[Editor's Note: This guest post was written by Acxiom CMO Tim Suther.]
Most advertising is mistimed, misplaced, and mismessaged. And it’s getting worse.
In 2006, Rex Briggs and Greg Stuart told us that 37 percent of advertising was wasted, according to their landmark research published in "What Sticks." Rex recently refreshed that study and says the amount wasted is now up to nearly 40 percent. That’s almost $200 billion in advertising globally.
There’s a strong case to be made that it’s due to poor data in marketing decision-making. The Corporate Executive Board says just 11 percent of decisions about customers rely on data. In addition, $80 billion of TV advertising is placed based on the characteristics of just 20,000 to 25,000 households.

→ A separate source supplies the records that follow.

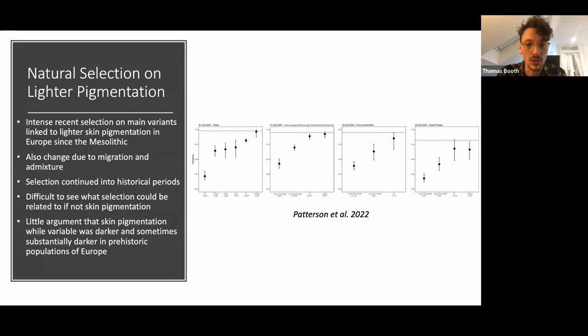An important counter to that concern is that we see intense selection on the main variants linked to light skin pigmentation in Europe since the Mesolithic. These plots show one particular genetic variant and how it changes through time in different parts of Europe — from the Neolithic going into recent times, we can see selection happening, with these variants increasing in frequency all the way from the Neolithic right into more recent historic times. Given the strong association between these variants and lighter skin pigmentation, this confirms that people further back in the past — particularly in the Mesolithic — will have had darker skin pigmentation.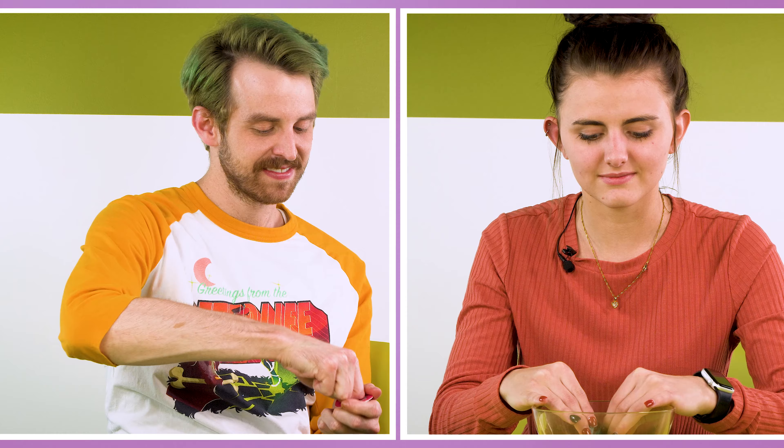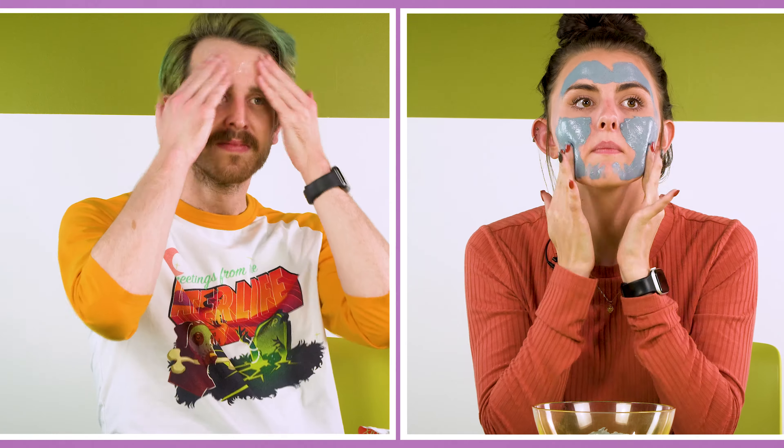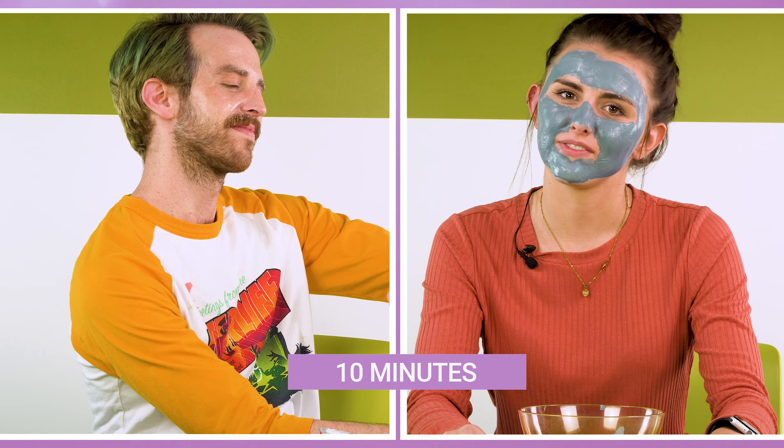So now that we have our hair up in what I like to call a honey bun, we have our masks and Oliver's here — let's get started. Now that we're camera ready, we're going to leave this on for about 10 minutes and then we'll be right back with the finished product.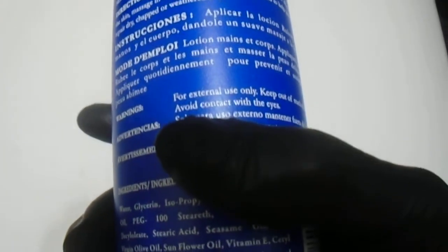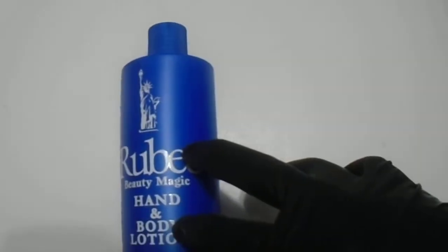Great quality products from out of England, but also made in the USA. So we do have them available, great quality product, no question. As you can see here, enriched with herbal extracts, cocoa butter, and vitamin E.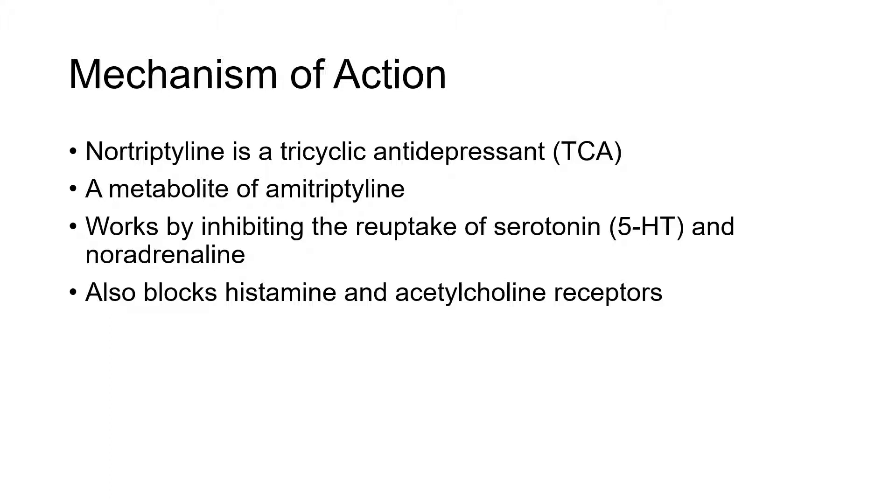It works by inhibiting the reuptake of serotonin and noradrenaline at the synapse. This drug also blocks histamine and acetylcholine receptors, which contribute to most of its side effects.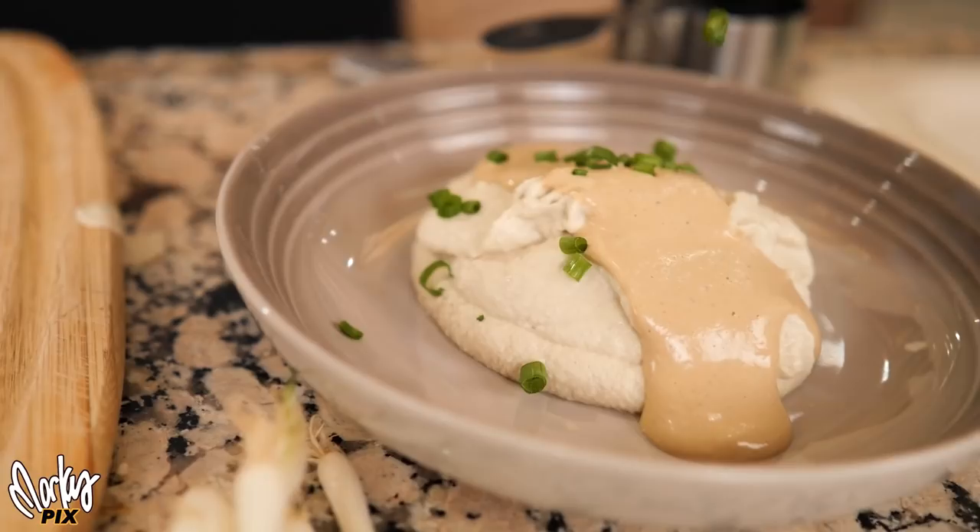We even used the G100 to make some recipe and lifestyle videos for our health channel this week, and it did really well. The shots look beautiful.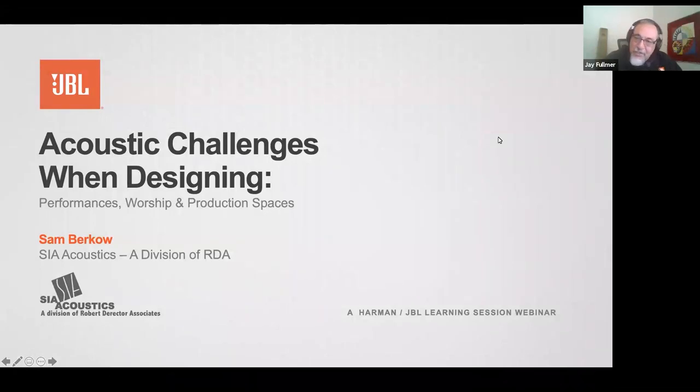Welcome everybody on behalf of JBL to another JBL Harman Pro webinar. Today we have a very distinguished guest. Sam Burkow has had a relationship with JBL way back when I started 23 years ago, and JBL Smart was a software product being marketed by JBL. Somebody ushered me into a conference room and said, hey, this is Sam Burkow. He has a software program that we sell. That was the first time I met Sam and I got to know Smart.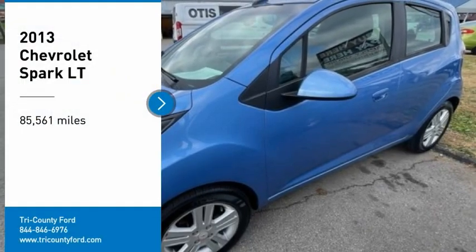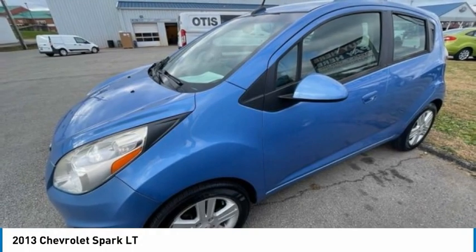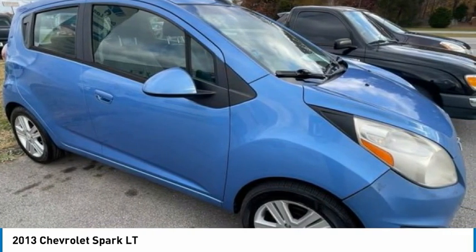Looking for the right vehicle? Check out the 2013 Spark. Chevy Spark, Chevrolet's first mini-car, offers effortless driving on congested highways and roads with excellent fuel economy.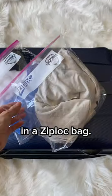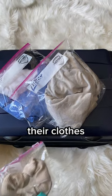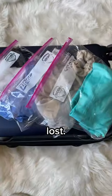Five life hacks for traveling with kids. Pack each of your child's outfit in a Ziploc bag. This will keep their clothes organized and prevent them from getting lost.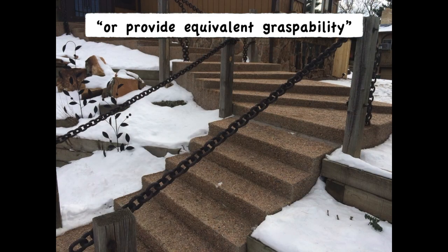What about this weird welded chain handrail I came across? There is some crazy stuff out there, and I'm glad I wasn't in a position to have to make any inspection of these handrails.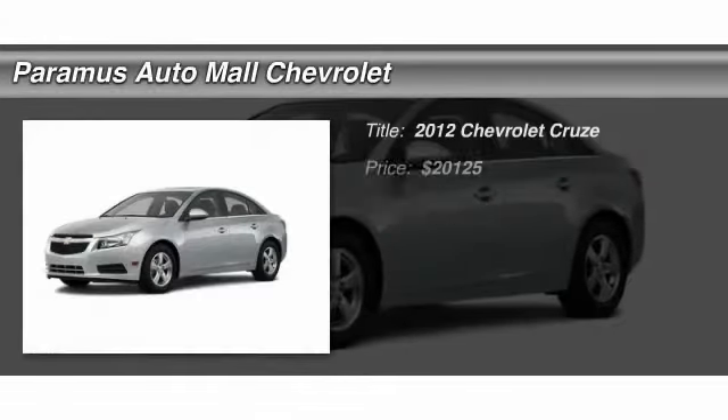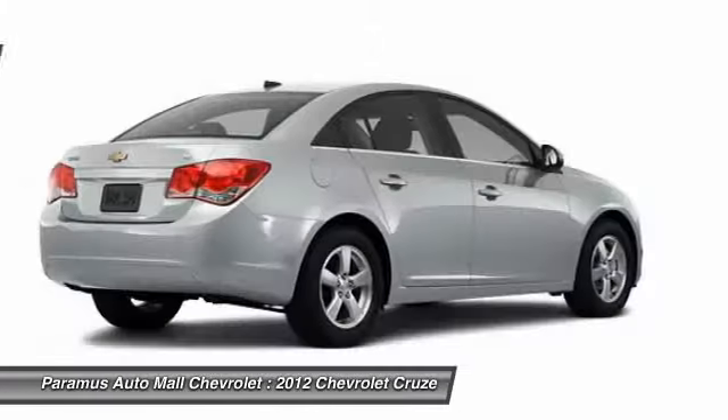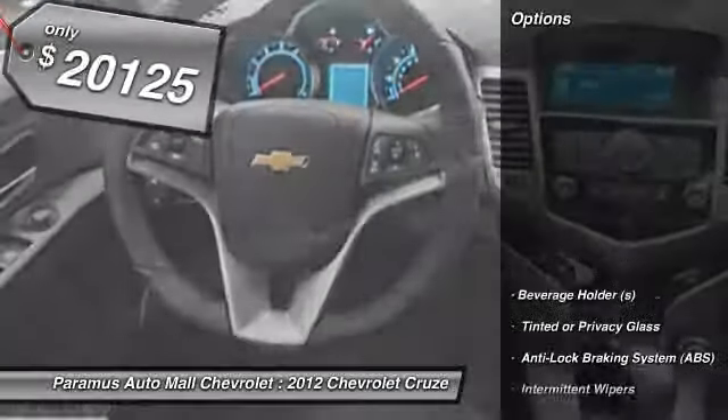The 2012 Chevy Cruze. The Cruze blueprint calls for more than you'd expect and is priced below $25,000. Here are some of this vehicle's great options.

Worldwide digital ad spending now exceeds $100 billion, with a large portion dependent on cookies, which notoriously get gender wrong half the time (that’s equivalent to guessing).
So it’s not surprising that every day companies are producing better, more connected data and analytics to address this multibillion-dollar problem. But is that all there is? Is data just to be used to target and measure better? If so, then we’ve failed as marketers.
Data holds even more potential for advancing humanity, to help individuals live longer and more meaningfully. With the help of your Internet-connected phone and its array of sensors, you can track your workout, assess the nutritional value of what you eat, get a reminder if you’re eating too much or too fast, and manage chronic health conditions, such as asthma or diabetes.
Data helps us find love (Match.com says one in six marriages begin online) and rally around causes important to us (sustainability, democracy, or raising money for a friend in need of medical treatment). It helps us create adaptive education programs so that school children don’t get left behind or remain unchallenged and bored.
Life is safer, too. GPS signals were effectively used to monitor and control the outbreak of disease following the devastating Haiti earthquake. The location of registered sex offenders is easily accessed. And the advent of predictive policing has had a real impact in reducing crime.
All this bodes well for humanity--and for marketers, that is, if data is leveraged in a broader way. Yes, smartly timed and placed marketing is vital, with billions in payoff. So do that. But let’s not forget we exist ultimately to serve and delight customers. This means leveraging data to do for, and not to, customers. It means creating more customer value than you harvest. It means rethinking the role of data.
Yes, data is an awesomely powerful tool to help marketing perform better, but isn't the real opportunity to reimagine the brand, and simultaneously help the human race live better?